Pretty In Pink AND Purple

Friday, February 15, 2013



Colorful concoctions on a whim..
Not just pretty colors but also such delicious flavors....hmmm, they're divine. New favorites of mine I'll be sharing with you in a moment. I cut up a mango the other day to freeze so I could make ice cream but then I changed my mind. I made an amazing raspberry concoction with it instead. It's similar to ice cream but without too much of the creaminess (no mylk used at all). The flavors combine incredibly well. Was it an accident? I don't think so; don't believe in them : ) Five ingredients, two minutes, and you'll be in heaven, I promise!
I made this with raspberries first and devoured it all and so the next day I had to make more, almost the same blended up yumminess where I replaced the raspberries with blueberries, since I had no more raspberries :) Make it either way, depending on what you have available or which sounds more delicious to you. They're both so flavorful and satisfying.
I could call it a "Mango-Berry Frozen Dessert" but that would be too usual, wouldn't it?

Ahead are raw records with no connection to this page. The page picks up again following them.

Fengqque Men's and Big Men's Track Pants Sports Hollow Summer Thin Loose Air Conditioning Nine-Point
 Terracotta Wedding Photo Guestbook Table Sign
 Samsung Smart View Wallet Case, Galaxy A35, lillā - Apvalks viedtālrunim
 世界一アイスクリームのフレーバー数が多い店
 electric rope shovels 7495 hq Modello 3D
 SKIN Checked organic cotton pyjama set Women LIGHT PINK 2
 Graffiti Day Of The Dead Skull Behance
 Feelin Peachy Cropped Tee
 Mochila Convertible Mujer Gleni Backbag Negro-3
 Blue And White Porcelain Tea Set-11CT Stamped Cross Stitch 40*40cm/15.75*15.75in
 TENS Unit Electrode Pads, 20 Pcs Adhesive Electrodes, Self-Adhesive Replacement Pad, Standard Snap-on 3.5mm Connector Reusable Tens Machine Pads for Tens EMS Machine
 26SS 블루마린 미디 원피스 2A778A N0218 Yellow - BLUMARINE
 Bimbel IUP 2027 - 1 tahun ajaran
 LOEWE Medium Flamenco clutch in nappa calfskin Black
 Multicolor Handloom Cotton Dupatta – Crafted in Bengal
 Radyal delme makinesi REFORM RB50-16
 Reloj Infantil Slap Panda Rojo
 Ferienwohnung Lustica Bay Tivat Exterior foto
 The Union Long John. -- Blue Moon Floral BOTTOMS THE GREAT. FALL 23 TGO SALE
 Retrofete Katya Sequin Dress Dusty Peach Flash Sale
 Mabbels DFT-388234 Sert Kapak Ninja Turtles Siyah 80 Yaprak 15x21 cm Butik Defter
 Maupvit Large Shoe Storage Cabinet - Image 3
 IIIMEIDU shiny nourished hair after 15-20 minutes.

Pretty In Pink (or purple) 
(Serves 1, maybe 2)
1 mango (that has been cut into chunks and frozen)
1 box of raspberries or blueberries (the typical 6 oz box sold at grocery stores, I know, shame on me....but the market was sold out so what's a girl to do? )
1 pink orange*
2 tbsp coconut butter
sweetener of your choice: dates / honey / whatever you prefer

*You can use any kind of orange of course but these Cara Cara Oranges are so incredibly tasty and go so well with this recipe. They're not quite red on the inside like blood oranges but pinkish color. Beautiful and so delicious. Get them if you can find them. I got them at a local market.


How to make it:
Put the berries on the bottom of the blender (unless they're frozen too, then leave them for the top), then the peeled orange cut into chunks, then the butter and your sweetener, then top it all with the frozen mango chunks (and the berries, if you're using frozen ones). Blend it all up.
Wait, save a berry or two to place on top of your cup of yumminess, I didn't remember to do this the first time around, with the raspberries so I had to use something else.
You're in for a TREAT! 



...And the nutrition they will provide you:
In general, mangoes and berries are known for being very rich in antioxidants, vitamins, and fiber. They're also mentioned in lots of literature for their anti-cancer qualities and are notably high in certain minerals. Here's the breakdown:
Mangoes: high in vitamins C, E and B 6, fiber, and copper. They provide lots of skin nutrition and support digestive health.
Raspberries: rich in vitamins C and K (!), fiber, and exceptionally high in manganese (!!!), which is rarely found in fruits. Manganese is an important mineral for maintaining strong bones and helping prevent premature graying of your hair.
Blueberries: rich in vitamins K, and C, fiber, and is also quite high in manganese....providing similar health benefits to those of raspberries. Blueberries also stand out for their 6:10 ratio of Omega-3 to Omega-6 fatty acids and are a good brain-food, so make friends with them, if you haven't yet.

Enjoy these quick desserts and have a lovely weekend!